La segunda parada es en el Teatro Romea. En el hall de la sala empieza un recorrido que saca al público al barrio del Raval. Roberto Romei dirige una adaptación del texto de Bernard-Marie Koltès ‘De noche justo antes de los bosques’. Continúa lloviendo y los paraguas de los espectadores colisionan durante el periplo callejero. También hace frío. Bastante frío. Pero Óscar Muñoz, el protagonista de la pieza, logra que nos olvidemos de las circunstancias meteorológicas. Aunque la calle y sus vicisitudes se interponen en algún momento en su interpretación –el camión de la basura o un coche circulando en contra dirección, sin ir más lejos-, está estupendo. El recorrido empieza en la calle y termina en los camerinos del teatro. Entre uno y otro espacio, la función se detiene en diferentes rincones del Romea. A los espectadores les encanta dicho ajetreo. Se lo pasa bomba y aplaude a rabiar al finalizar el espectáculo.
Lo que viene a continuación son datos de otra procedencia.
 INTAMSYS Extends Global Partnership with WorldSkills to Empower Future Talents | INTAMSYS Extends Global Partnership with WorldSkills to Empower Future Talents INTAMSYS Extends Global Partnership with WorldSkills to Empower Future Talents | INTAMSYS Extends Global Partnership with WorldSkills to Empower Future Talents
Por mi parte, al salir del teatro, pienso en cómo sería una versión callejera del texto, de principio a fin; pienso también en alguien que me había comentado un proyecto al respecto, en cortar el cordón umbilical, en otra adaptación pensada exclusivamente para ese barrio, en el protagonista, en cómo me gusta Koltès y en lo bien que hablan sus personajes; y pienso en las noches mágicas como esa, en cómo huele el paseo, en el murmullo que llega de las ramblas, en la luz tenue de las callejuelas del Raval, y en las muchas historias que pueden albergar. Pienso en muchas cosas. Me marcho a casa contento.